INFORMATION SHOWN –
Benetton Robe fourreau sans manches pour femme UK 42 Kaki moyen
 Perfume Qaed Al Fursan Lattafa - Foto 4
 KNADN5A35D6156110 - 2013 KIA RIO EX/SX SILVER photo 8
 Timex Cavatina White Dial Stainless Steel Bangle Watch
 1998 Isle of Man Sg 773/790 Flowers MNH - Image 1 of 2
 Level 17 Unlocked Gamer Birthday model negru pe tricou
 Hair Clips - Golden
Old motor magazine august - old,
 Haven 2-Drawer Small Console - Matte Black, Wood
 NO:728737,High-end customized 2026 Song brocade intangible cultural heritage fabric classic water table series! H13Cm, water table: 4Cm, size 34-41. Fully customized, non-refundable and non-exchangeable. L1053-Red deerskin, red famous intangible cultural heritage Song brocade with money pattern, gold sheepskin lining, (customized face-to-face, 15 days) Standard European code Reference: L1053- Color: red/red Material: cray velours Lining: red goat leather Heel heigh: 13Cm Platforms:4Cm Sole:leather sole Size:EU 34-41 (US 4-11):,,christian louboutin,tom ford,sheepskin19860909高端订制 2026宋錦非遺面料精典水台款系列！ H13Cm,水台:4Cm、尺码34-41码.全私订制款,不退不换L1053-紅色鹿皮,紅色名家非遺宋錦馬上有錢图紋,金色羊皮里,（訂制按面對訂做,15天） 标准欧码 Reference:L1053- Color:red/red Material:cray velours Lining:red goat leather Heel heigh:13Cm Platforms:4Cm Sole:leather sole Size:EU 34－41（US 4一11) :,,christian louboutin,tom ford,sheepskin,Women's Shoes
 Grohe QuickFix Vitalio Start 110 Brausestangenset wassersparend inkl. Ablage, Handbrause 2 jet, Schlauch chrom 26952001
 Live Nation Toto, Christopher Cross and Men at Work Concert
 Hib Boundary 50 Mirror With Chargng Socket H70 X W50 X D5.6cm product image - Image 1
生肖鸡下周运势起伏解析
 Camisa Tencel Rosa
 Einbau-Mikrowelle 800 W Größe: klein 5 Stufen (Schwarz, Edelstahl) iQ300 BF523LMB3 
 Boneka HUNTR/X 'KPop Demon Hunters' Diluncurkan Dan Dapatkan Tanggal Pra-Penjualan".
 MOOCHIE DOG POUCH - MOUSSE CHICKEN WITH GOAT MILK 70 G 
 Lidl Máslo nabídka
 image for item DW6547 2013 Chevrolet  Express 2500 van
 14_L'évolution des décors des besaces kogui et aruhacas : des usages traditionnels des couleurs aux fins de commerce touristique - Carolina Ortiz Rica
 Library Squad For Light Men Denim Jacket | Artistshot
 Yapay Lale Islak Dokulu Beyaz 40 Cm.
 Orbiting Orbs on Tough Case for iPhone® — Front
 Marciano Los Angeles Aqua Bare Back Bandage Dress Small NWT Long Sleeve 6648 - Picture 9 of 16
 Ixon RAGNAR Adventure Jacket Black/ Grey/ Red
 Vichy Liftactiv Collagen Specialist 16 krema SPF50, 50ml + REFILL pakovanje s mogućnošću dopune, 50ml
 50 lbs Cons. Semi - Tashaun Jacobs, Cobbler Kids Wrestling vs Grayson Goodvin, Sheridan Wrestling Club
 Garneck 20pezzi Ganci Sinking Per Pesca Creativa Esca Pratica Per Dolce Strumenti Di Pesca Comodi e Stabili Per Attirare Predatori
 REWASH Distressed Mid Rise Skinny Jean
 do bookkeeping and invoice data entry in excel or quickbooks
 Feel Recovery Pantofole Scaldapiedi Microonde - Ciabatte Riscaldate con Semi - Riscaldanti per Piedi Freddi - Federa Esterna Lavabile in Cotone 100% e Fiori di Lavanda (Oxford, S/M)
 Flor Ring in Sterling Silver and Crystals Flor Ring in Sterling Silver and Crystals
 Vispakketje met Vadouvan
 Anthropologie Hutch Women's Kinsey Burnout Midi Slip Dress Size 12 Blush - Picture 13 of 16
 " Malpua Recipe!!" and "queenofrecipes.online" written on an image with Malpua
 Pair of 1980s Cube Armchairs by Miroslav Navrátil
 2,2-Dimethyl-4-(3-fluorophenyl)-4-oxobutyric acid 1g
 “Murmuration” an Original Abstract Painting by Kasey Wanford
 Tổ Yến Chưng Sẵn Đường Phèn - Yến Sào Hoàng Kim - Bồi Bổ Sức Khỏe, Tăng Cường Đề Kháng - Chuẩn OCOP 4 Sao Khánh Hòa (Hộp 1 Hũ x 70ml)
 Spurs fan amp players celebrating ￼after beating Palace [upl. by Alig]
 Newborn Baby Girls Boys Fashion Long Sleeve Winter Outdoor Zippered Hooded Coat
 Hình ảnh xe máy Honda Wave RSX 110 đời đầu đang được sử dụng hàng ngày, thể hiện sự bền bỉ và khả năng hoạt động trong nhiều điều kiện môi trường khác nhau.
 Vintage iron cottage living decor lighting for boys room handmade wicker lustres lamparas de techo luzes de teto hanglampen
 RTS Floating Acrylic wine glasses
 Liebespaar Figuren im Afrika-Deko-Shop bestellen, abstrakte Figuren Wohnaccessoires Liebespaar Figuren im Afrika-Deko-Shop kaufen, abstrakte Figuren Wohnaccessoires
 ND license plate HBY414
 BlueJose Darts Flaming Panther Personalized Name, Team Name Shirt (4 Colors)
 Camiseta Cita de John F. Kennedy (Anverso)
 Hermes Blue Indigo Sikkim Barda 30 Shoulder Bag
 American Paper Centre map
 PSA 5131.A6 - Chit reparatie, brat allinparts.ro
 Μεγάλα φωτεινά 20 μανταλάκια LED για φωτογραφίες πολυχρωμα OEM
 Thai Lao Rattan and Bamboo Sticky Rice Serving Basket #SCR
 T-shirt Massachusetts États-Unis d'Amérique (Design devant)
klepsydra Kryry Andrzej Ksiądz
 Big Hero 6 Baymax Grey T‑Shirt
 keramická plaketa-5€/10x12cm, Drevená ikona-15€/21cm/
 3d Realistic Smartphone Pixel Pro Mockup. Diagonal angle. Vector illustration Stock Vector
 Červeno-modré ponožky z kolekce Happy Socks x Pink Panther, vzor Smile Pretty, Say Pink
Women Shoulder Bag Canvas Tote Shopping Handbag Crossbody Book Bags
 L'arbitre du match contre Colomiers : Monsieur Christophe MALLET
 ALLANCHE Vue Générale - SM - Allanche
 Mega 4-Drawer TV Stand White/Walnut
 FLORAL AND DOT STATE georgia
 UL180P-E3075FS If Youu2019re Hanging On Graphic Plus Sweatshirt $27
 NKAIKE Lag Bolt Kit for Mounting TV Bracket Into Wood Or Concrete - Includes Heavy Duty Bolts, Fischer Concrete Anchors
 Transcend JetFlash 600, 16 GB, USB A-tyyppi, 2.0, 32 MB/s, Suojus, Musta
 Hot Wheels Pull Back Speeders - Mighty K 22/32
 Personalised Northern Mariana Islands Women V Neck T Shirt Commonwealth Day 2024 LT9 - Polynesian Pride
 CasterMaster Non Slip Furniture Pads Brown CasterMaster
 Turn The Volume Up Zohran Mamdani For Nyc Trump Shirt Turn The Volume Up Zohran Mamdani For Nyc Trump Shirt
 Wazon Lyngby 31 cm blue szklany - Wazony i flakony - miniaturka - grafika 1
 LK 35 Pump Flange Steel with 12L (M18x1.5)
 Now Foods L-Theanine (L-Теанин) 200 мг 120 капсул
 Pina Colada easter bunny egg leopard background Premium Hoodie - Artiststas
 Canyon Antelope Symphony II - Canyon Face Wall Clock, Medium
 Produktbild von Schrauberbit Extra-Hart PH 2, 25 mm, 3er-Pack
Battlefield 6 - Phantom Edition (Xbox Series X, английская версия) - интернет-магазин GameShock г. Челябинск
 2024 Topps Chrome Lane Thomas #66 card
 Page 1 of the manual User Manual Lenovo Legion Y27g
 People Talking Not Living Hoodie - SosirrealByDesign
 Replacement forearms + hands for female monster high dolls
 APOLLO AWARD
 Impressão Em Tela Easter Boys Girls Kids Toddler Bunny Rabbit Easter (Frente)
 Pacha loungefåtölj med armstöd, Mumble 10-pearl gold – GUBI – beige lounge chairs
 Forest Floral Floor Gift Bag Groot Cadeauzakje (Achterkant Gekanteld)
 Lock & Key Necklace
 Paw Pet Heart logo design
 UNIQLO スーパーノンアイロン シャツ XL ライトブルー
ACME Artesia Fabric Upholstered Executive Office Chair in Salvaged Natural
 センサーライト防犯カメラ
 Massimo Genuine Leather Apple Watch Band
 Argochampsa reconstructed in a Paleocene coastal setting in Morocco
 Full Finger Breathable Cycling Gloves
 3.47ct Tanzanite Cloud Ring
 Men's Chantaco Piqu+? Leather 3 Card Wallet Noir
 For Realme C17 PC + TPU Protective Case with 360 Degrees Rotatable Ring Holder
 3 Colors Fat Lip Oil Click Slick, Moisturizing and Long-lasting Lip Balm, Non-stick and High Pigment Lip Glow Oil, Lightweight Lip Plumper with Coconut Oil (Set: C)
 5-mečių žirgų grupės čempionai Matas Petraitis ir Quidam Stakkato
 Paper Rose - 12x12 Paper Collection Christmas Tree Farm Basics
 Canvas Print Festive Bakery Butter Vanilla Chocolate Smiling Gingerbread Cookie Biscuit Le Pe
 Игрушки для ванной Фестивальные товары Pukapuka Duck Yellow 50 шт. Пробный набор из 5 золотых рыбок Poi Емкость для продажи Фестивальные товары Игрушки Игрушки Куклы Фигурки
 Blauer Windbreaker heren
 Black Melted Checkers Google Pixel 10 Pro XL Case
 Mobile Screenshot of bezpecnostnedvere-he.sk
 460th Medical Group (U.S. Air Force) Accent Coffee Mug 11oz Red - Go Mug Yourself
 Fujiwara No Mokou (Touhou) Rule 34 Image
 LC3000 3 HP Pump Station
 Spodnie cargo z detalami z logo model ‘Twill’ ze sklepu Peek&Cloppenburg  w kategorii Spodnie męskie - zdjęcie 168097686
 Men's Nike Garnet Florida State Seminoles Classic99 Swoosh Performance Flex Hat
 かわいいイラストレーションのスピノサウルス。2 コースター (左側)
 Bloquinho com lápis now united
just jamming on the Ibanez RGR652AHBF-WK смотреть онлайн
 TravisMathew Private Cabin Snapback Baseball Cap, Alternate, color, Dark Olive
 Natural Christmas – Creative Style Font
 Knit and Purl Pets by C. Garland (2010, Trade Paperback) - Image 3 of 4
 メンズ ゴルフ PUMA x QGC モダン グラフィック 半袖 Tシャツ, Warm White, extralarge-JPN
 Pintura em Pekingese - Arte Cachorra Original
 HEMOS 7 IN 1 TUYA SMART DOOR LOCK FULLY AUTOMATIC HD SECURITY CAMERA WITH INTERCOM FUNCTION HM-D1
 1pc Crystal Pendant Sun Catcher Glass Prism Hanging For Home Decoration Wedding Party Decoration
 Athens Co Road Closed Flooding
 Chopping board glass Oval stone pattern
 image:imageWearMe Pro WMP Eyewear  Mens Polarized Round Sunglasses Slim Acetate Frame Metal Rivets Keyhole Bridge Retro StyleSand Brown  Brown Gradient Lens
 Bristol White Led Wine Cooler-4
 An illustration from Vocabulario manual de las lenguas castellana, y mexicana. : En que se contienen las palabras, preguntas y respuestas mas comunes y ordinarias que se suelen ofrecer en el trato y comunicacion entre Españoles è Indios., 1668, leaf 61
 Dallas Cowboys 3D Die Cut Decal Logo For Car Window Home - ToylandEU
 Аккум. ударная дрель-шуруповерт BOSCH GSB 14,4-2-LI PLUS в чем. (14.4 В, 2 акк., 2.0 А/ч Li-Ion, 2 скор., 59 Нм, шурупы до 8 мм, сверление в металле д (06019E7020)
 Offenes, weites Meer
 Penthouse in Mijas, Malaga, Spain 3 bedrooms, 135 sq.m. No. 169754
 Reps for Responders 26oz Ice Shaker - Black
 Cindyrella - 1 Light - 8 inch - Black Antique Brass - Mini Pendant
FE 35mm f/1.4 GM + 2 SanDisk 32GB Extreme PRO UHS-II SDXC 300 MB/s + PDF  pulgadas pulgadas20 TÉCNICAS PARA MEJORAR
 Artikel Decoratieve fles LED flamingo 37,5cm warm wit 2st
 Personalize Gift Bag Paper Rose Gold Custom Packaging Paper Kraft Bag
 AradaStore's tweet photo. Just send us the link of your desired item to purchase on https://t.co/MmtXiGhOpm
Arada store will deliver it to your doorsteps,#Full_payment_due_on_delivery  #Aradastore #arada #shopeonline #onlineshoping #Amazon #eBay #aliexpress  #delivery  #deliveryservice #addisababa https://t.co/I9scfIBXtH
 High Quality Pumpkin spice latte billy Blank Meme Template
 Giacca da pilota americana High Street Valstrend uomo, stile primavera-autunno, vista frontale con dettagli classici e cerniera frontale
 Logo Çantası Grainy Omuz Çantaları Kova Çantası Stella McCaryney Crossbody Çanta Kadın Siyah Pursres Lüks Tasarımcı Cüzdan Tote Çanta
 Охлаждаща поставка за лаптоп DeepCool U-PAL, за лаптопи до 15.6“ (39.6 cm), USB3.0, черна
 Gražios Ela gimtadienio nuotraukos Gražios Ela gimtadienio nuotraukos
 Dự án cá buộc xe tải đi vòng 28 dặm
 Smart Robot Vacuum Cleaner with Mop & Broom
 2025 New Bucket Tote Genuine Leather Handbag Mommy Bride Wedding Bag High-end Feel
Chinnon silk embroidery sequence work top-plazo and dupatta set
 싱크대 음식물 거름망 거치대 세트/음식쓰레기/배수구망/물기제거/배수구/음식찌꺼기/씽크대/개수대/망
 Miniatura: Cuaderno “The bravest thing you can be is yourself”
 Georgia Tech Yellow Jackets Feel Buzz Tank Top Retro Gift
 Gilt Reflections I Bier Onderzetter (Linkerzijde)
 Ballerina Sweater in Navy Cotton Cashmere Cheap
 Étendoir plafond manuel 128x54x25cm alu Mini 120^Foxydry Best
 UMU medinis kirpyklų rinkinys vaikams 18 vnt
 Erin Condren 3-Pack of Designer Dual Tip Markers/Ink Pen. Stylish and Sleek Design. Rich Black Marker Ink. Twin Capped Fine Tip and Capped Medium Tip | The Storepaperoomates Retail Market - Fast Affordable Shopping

WORK INSTRUCTIONS –
From the first line above through the line that contains "Grohe QuickFix Vitalio", quote each line exactly. Output nothing more.

RESULT –
Benetton Robe fourreau sans manches pour femme UK 42 Kaki moyen
 Perfume Qaed Al Fursan Lattafa - Foto 4
 KNADN5A35D6156110 - 2013 KIA RIO EX/SX SILVER photo 8
 Timex Cavatina White Dial Stainless Steel Bangle Watch
 1998 Isle of Man Sg 773/790 Flowers MNH - Image 1 of 2
 Level 17 Unlocked Gamer Birthday model negru pe tricou
 Hair Clips - Golden
Old motor magazine august - old,
 Haven 2-Drawer Small Console - Matte Black, Wood
 NO:728737,High-end customized 2026 Song brocade intangible cultural heritage fabric classic water table series! H13Cm, water table: 4Cm, size 34-41. Fully customized, non-refundable and non-exchangeable. L1053-Red deerskin, red famous intangible cultural heritage Song brocade with money pattern, gold sheepskin lining, (customized face-to-face, 15 days) Standard European code Reference: L1053- Color: red/red Material: cray velours Lining: red goat leather Heel heigh: 13Cm Platforms:4Cm Sole:leather sole Size:EU 34-41 (US 4-11):,,christian louboutin,tom ford,sheepskin19860909高端订制 2026宋錦非遺面料精典水台款系列！ H13Cm,水台:4Cm、尺码34-41码.全私订制款,不退不换L1053-紅色鹿皮,紅色名家非遺宋錦馬上有錢图紋,金色羊皮里,（訂制按面對訂做,15天） 标准欧码 Reference:L1053- Color:red/red Material:cray velours Lining:red goat leather Heel heigh:13Cm Platforms:4Cm Sole:leather sole Size:EU 34－41（US 4一11) :,,christian louboutin,tom ford,sheepskin,Women's Shoes
 Grohe QuickFix Vitalio Start 110 Brausestangenset wassersparend inkl. Ablage, Handbrause 2 jet, Schlauch chrom 26952001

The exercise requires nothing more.